In my second week in Mexico City I had tightness in my stomach.  This often happens to me when I travel.  The new water and diet means new microbes which have not yet made friends with my digestive system.  I usually don’t do anything, but this time I remembered what I used to do when traveling along the rivers of the Congo basin rainforest.  The water we drank was not as pure as you could hope for.  I used to chew 2 Pepto Bismol tablets a day.  It slows the growth of harmful microbes.  It helped me in the Congo and it worked for me in Mexico City.

I have been using a collapsible coffee cone for a couple of years now.  Where I lived in India you could buy instant coffee, but the ground coffee supply was limited and there were no pour over coffee filters in the stores.  On my first visit I found some coffee, but only had enough filters to use 1 every 3 days.  I had to dry and reuse them.  Believe me, I remembered the coffee filters the next time.  I recommend the collapsible pour over coffee brew cone pictured. 
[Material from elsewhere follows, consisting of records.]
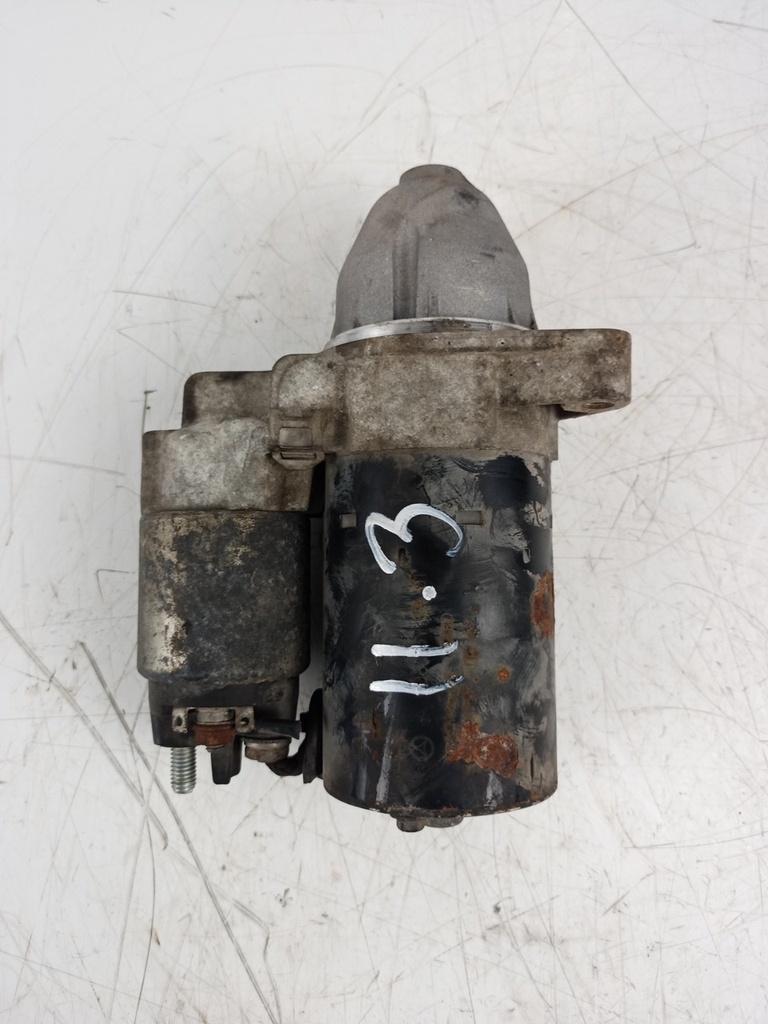 [MTD-433087] Motor de arranque Mercedes SLK R171 1.8 200 Kompressor M271.954 A0051513901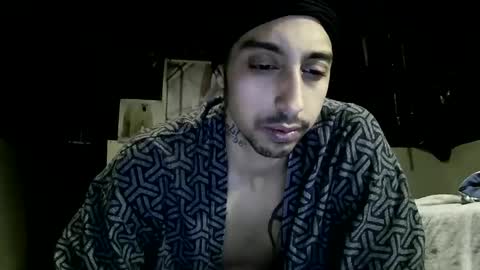 nygal23 online show from February 7, 3:42 am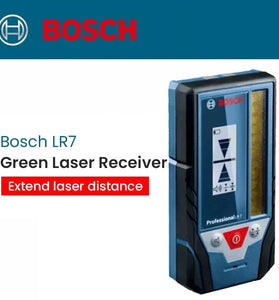 LR7 Professional Red Green Laser Level Meter Rangefinders 3D 3-Planes 12 Line Beam Gradienter Projection Diastimeter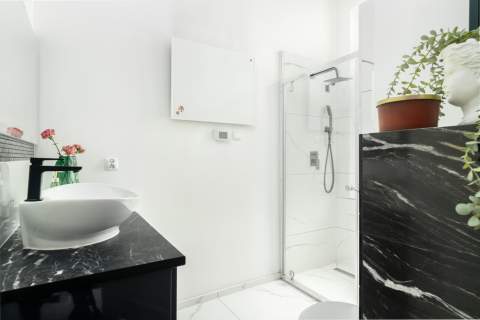 POTENCJAŁ 4 MIKROAPARTAMENTÓW W CENTRUM SZCZECINA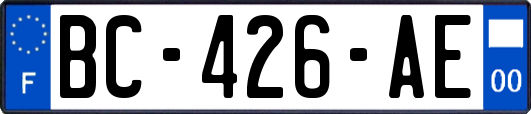 BC-426-AE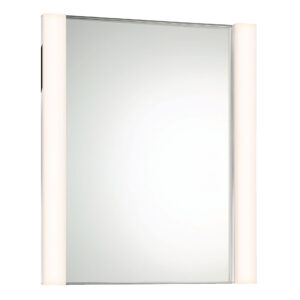 Vanity Vertical Mirror Kit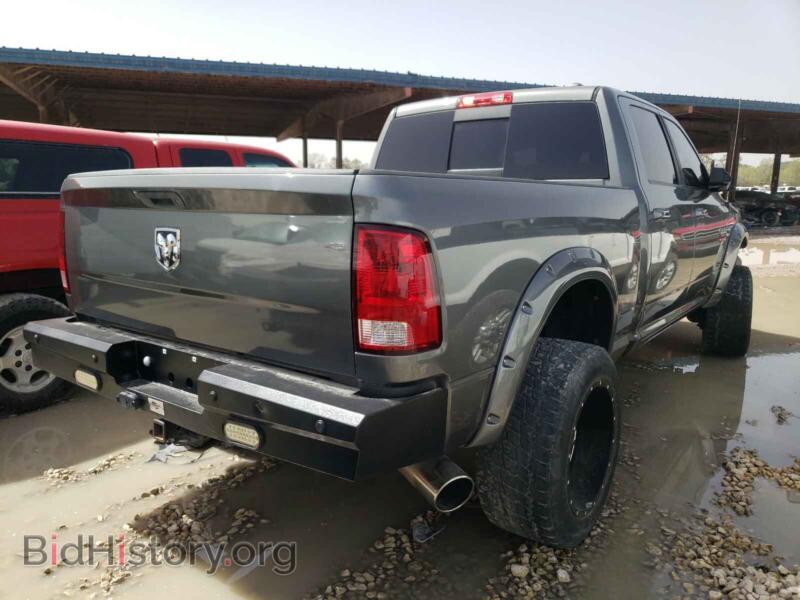 2011 Dodge RAM 2500 (VIN 3D7UT2CL1BG545624) — photo 4 of 10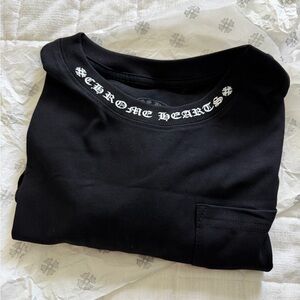 Chrome Hearts long sleeve REPLICA new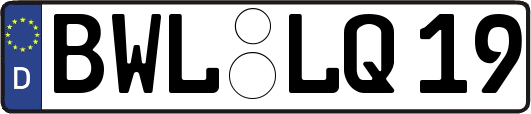 BWL-LQ19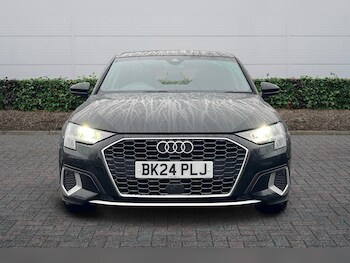 Used Audi A3 2024 for sale - 77388411: Photo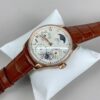 Patek Philippe Portugieser (COMPLICATIONS) Rose Gold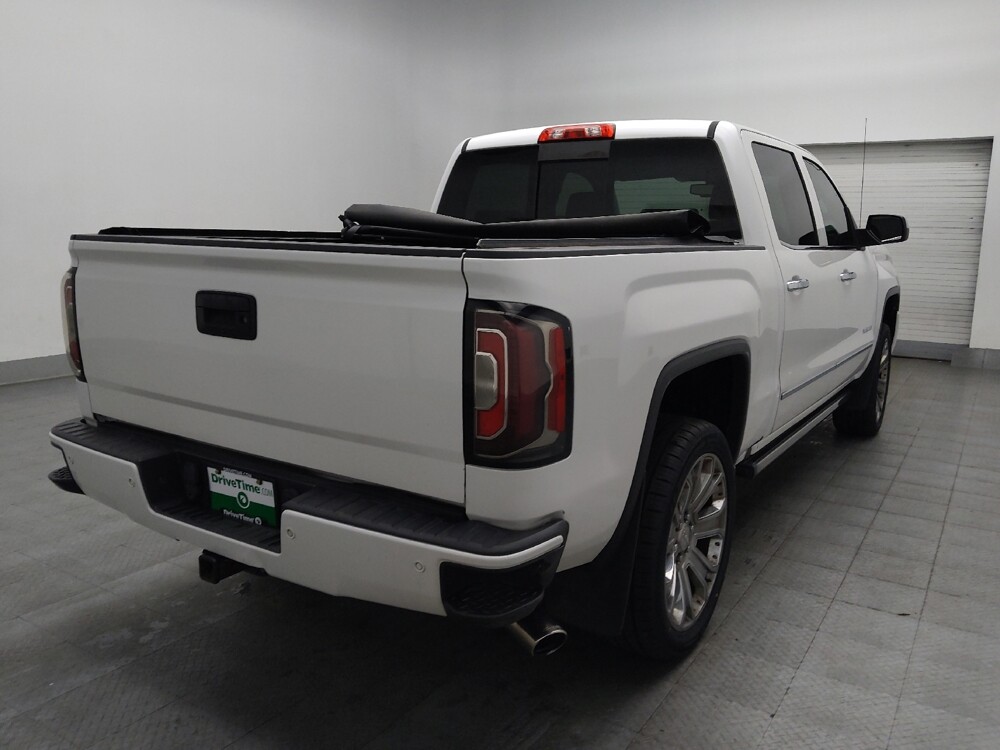 2016 GMC Sierra 1500 in Augusta, GA 30907 - 18139867 9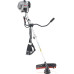 Купить Коса бензиновая AL-KO BC 400 B-S (114029)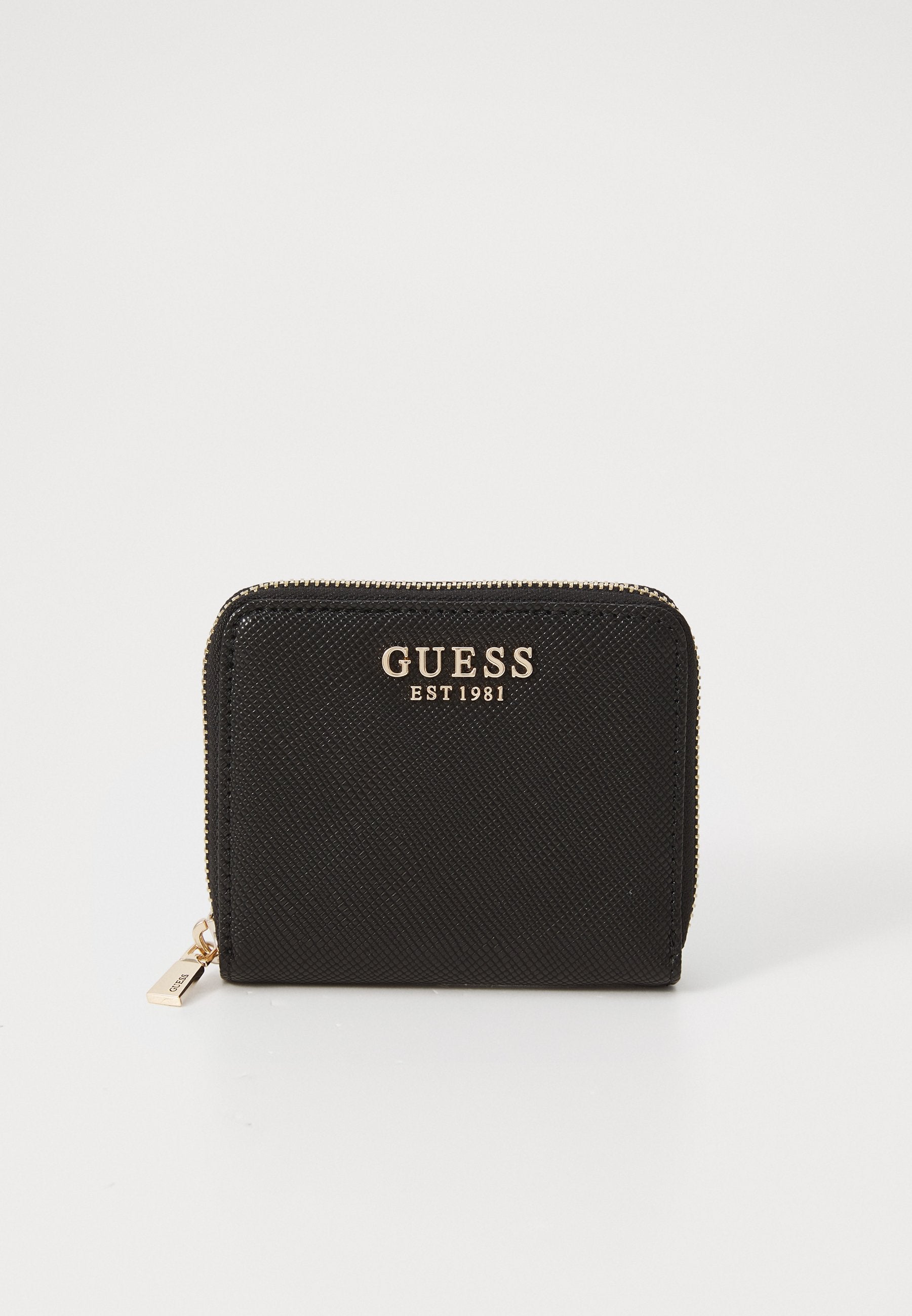LAUREL - Wallet - black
There are crossing lights in some of the places I have been in Mexico City.  I never saw one in India.  It was intimidating crossing the road.  Whenever possible I looked for where other people were crossing the road and stuck with them.  You would think that a motorist would be less likely to mow down three people than one.  The other day here in Mexico City I followed a man across 4 lanes when the crossing light was red.  We hit it wrong and a wave of cars and trucks came at us.   After we sprinted to the other side we had a bonding moment.  As Winston Churchill once said, “There is nothing more exhilarating than getting shot at and missed.”